Brief description of the algorithm
We consider tensor network based algorithm for finding ground state configurations of quasi-2D Ising problems. We employ tensor networks to represent the Gibbs distribution [1]. Then we use approximate tensor network contraction to efficiently identify the low-energy spectrum of some quasi-two-dimensional Hamiltonians [2].
Let us consider a classical Ising Hamiltonian
\[H(\underline{s}_N) = \sum_{\langle i, j\rangle \in \mathcal{E}} J_{ij} s_i s_j + \sum_{i =1}^N J_{ii} s_i\]
where $\underline{s}_N$ denotes a particular configuration of $N$ binary variables $s_i=\pm 1$. More generally, we mark sub-configurations of the first $k$ variables as $\underline{s}_k = (s_1, s_2, \ldots, s_k)$. Non-zero couplings $J_{ij} \in \mathbb{R}$ are input parameters of a given problem instance and form a connectivity graph $\mathcal{E}$.
Graphs with large unit cells
We assume that graph $\mathcal{E}$ forms a quasi-2D lattice. In real life applications such graphs have large unit cells approaching 24 spins. SpinGlassPEPS.jl allows for unit cells containing multiple spins.
More information on lattice geometries you can find in section Lattice Geometries.
In order to adress this three types of geometries using tensor networks, we represent the problem as a clustered Hamiltonian. To that end we group together sets of variables. In this framework Ising problem translates to:
\[H(\underline{x}_{\bar{N}}) = \sum_{\langle m,n\rangle \in \mathcal{F}} E_{x_m x_n} + \sum_{n=1}^{\bar{N}} E_{x_n}\]
where $\mathcal{F}$ forms a 2D graph, in which we indicate nearest-neighbour interactions with blue lines, and diagonal connections with green lines in the picture above. Each $x_n$ takes $d$ values with $d=2^4$ for square diagonal, $d=2^{24}$ for Pegasus and $2^{16}$ for Zephyr geometry. $E_{x_n}$ is an intra-node energy of the corresponding binary-variables configuration, and $E_{x_n x_m}$ is inter-node energy.
Calculating conditional probabilities
We assume that finding low energy states is equivalent to finding most probable states. We represent the probability distribution as a PEPS tensor network.
\[ p(\underline{x}_{\bar{N}}) = \frac{1}{Z} \exp{(-\beta H(\underline{x}_{\bar{N}}))}\]

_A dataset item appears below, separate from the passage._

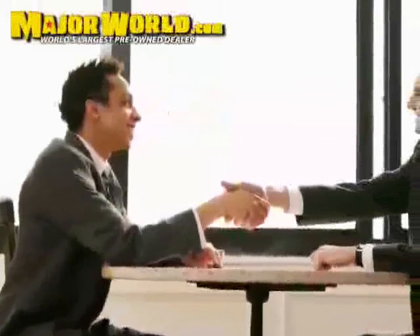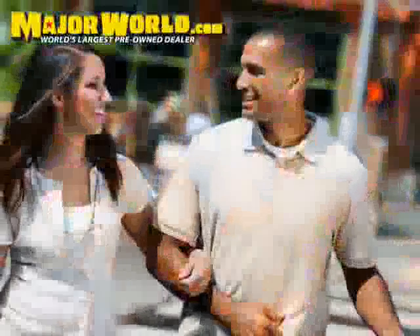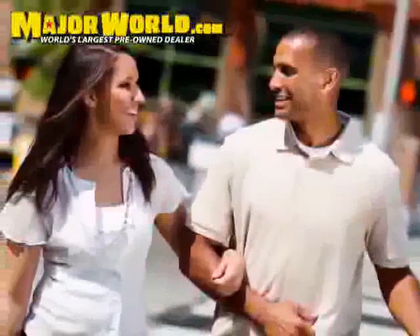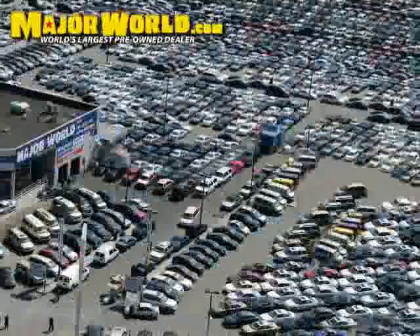Major World wants to make you a customer for life — not just you, but your friends and family as well. Major World would like to make your car buying experience a pleasurable one, so that you feel confident referring a friend or family member.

where $Z$ is a partition function and $\beta$ is inverse temperature. Once the PEPS tensor network is constructed, the probability distribution can be obtained by approximately contracting the tensor network, which is described in more details in subsection Tensor network contractions for optimization problems. Subsequently, we select only the configurations with the highest marginal probabilities
\[ p(\underline{x}_{n+1}) = p(x_{n+1} | \underline{x}_{n}) \times p(\underline{x}_{n})\]
Branch and bound search
By employing branch and bound search strategy iteratively row after row, we address the solution of Hamiltonian in the terms of conditional probabilities. This approach enables the identification of most probable (low-energy) spin configurations within the problem space.
Tensor network contractions for optimization problems
Branch and bound search relies on the calculation of conditional probabilities. To that end, we use tensor network techniques. Conditional probabilities are obtained by contracting a PEPS tensor network, which, although an NP-hard problem, can be computed approximately. The approach utilized is boundary MPS-MPO, which involves contracting a tensor network row by row and truncating the bond dimension.
References & Related works
"Two-Dimensional Tensor Product Variational Formulation" T. Nishino, Y. Hieida, K. Okunishi, N. Maeshima, Y. Akutsu, A. Gendiar, Progr. Theor. Phys. 105, 409 (2001)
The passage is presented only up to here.